= Listed entries =
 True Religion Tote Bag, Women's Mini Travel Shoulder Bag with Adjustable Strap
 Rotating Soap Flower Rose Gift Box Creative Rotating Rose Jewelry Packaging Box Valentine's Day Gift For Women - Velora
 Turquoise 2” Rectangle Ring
--
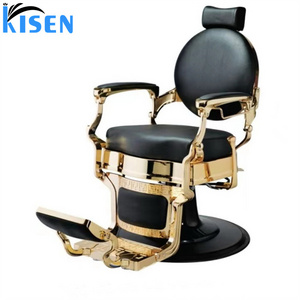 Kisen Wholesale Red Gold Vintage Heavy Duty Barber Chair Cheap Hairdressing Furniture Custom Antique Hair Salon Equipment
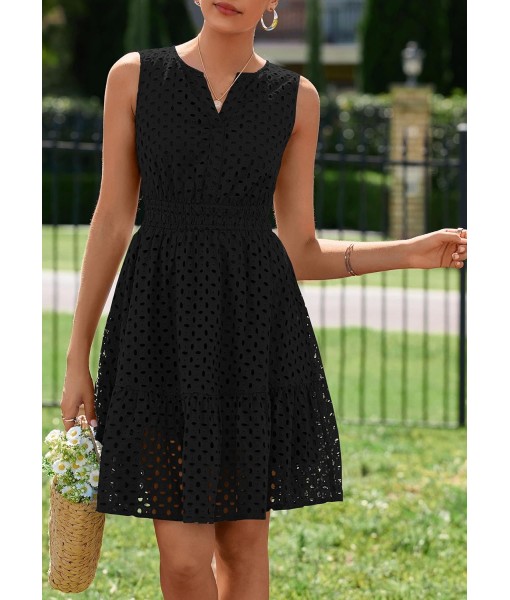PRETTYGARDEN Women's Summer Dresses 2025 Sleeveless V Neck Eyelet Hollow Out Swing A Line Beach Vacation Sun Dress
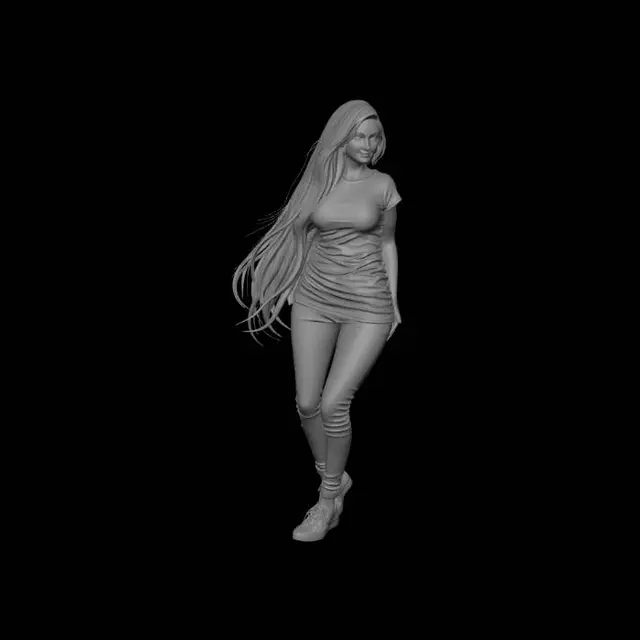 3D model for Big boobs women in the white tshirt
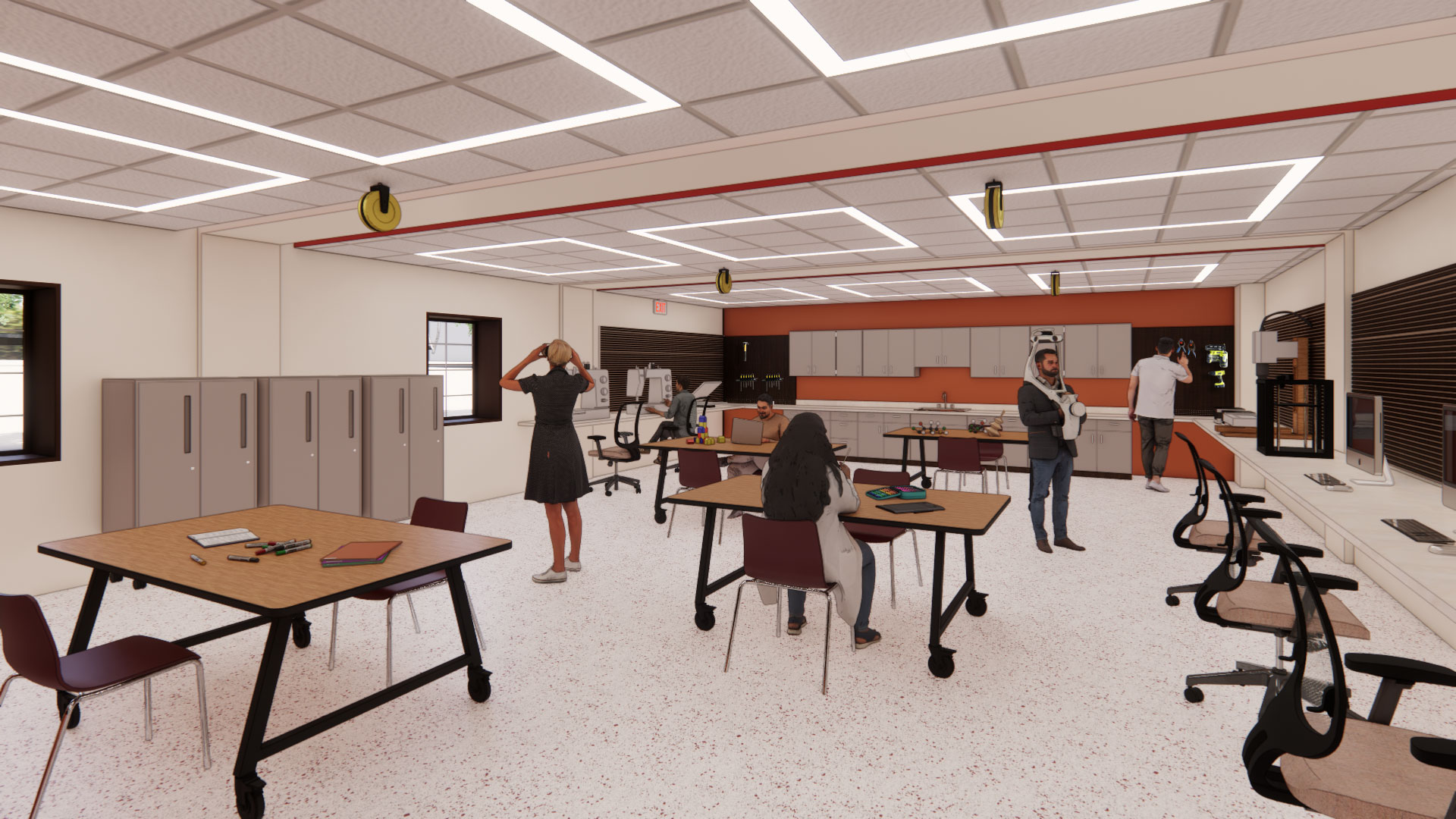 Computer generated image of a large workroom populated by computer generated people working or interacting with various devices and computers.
---
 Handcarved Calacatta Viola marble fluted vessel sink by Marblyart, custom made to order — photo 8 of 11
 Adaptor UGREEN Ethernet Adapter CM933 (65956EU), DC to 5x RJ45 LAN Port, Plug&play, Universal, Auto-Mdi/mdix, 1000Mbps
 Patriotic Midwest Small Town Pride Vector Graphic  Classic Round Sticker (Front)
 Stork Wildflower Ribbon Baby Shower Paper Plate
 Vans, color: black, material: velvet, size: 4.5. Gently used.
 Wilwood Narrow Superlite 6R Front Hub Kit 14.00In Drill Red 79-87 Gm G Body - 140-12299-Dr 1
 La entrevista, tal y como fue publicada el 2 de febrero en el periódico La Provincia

= Task to complete =
Scan the listing for the string "Front", then copy every line where it appears.

= Exercise answer =
 Patriotic Midwest Small Town Pride Vector Graphic  Classic Round Sticker (Front)
 Wilwood Narrow Superlite 6R Front Hub Kit 14.00In Drill Red 79-87 Gm G Body - 140-12299-Dr 1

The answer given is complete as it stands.